**Try it**. Repeat the records word for word, excluding any picture.

**Raw data**.

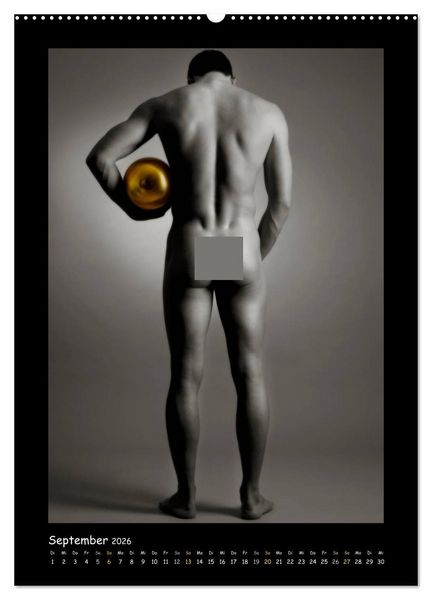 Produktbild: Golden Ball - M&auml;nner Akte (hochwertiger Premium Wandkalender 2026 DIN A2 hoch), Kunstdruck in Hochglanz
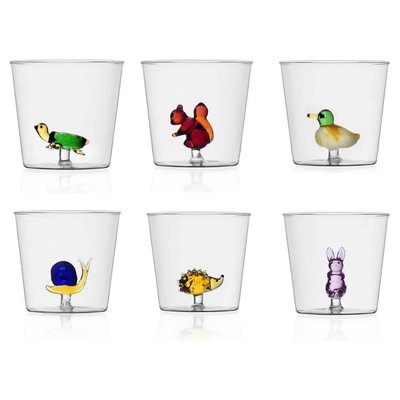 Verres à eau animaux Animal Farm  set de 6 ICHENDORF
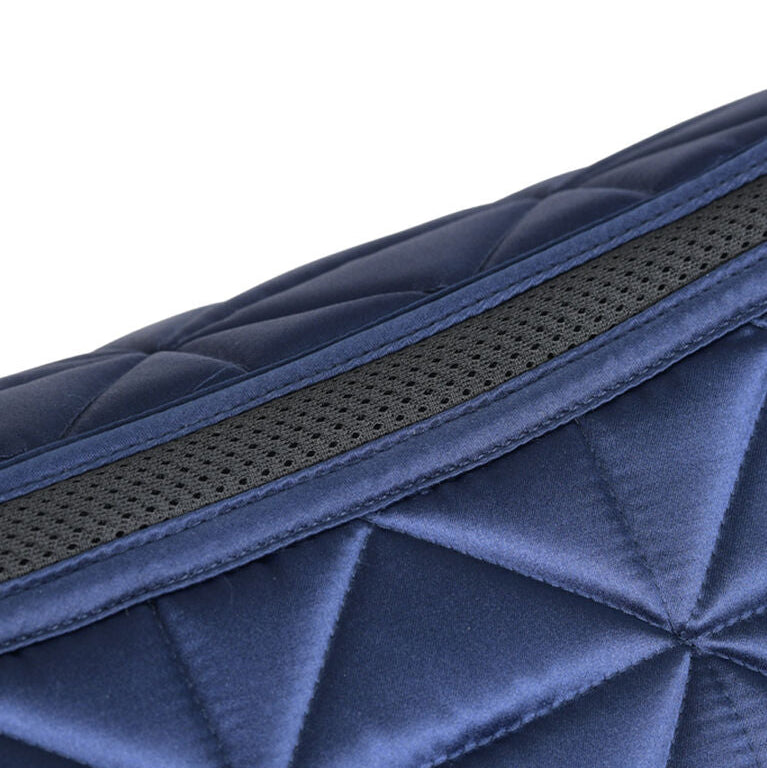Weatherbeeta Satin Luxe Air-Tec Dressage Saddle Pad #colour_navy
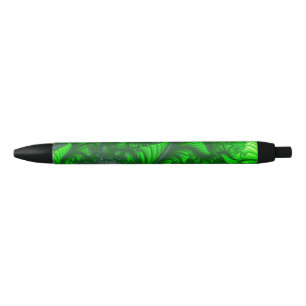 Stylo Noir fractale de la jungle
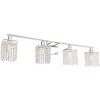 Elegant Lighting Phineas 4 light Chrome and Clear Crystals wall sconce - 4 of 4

**Response to this exercise**.
 Produktbild: Golden Ball - M&auml;nner Akte (hochwertiger Premium Wandkalender 2026 DIN A2 hoch), Kunstdruck in Hochglanz
 Verres à eau animaux Animal Farm  set de 6 ICHENDORF
Weatherbeeta Satin Luxe Air-Tec Dressage Saddle Pad #colour_navy
 Stylo Noir fractale de la jungle
 Elegant Lighting Phineas 4 light Chrome and Clear Crystals wall sconce - 4 of 4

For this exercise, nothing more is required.